__WORK INSTRUCTIONS__.
Nothing outside the lines below from the one containing "Bacsa Tarján névjegykártya" through the one containing "Bureau d'angle moderne" is to be printed; print those exactly, ends included, and drop the pictures.

__SUPPLIED MATERIAL__.
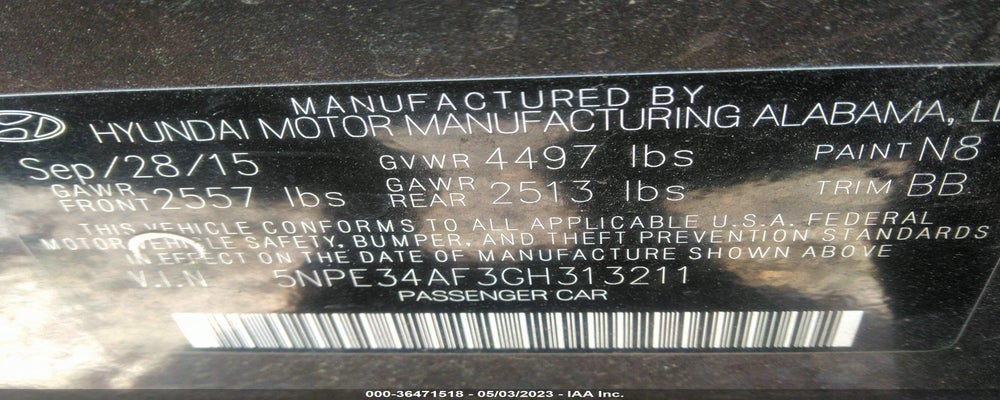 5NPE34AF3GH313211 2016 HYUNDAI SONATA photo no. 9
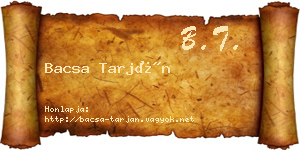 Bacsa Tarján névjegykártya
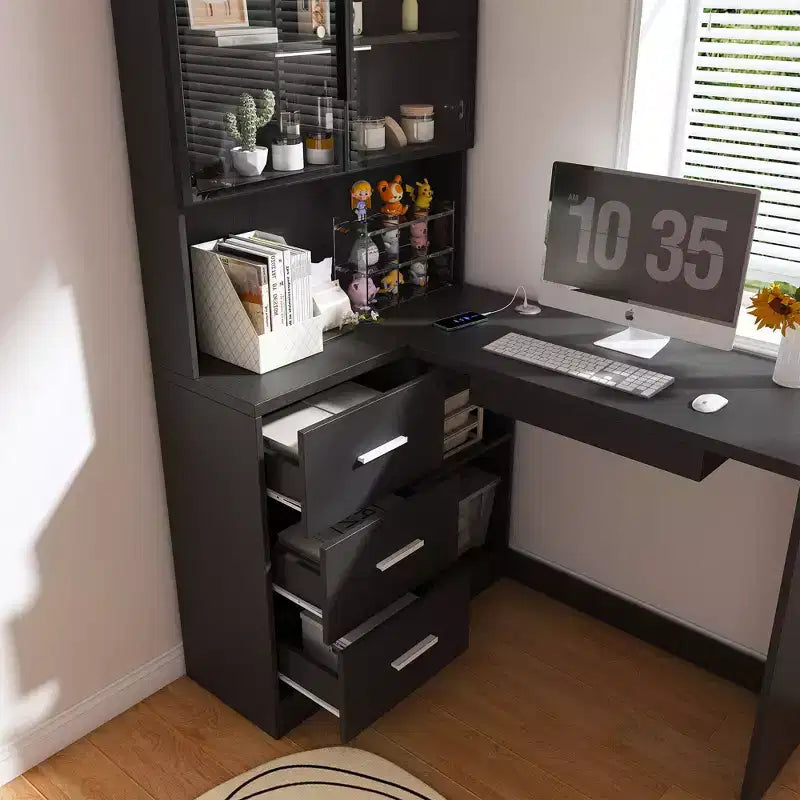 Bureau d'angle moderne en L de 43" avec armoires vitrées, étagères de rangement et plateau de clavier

...

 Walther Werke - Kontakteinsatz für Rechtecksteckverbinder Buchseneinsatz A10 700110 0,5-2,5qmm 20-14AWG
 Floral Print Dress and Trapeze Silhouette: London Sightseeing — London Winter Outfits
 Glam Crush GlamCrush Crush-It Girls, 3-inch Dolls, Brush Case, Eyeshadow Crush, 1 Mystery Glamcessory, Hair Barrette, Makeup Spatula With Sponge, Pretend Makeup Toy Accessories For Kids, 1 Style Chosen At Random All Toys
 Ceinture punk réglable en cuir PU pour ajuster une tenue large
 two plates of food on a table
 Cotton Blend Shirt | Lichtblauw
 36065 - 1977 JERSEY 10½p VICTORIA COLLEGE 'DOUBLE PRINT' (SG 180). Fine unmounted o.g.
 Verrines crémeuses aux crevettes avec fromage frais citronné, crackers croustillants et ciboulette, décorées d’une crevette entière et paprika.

__THE ANSWER__.
 Bacsa Tarján névjegykártya
 Bureau d'angle moderne en L de 43" avec armoires vitrées, étagères de rangement et plateau de clavier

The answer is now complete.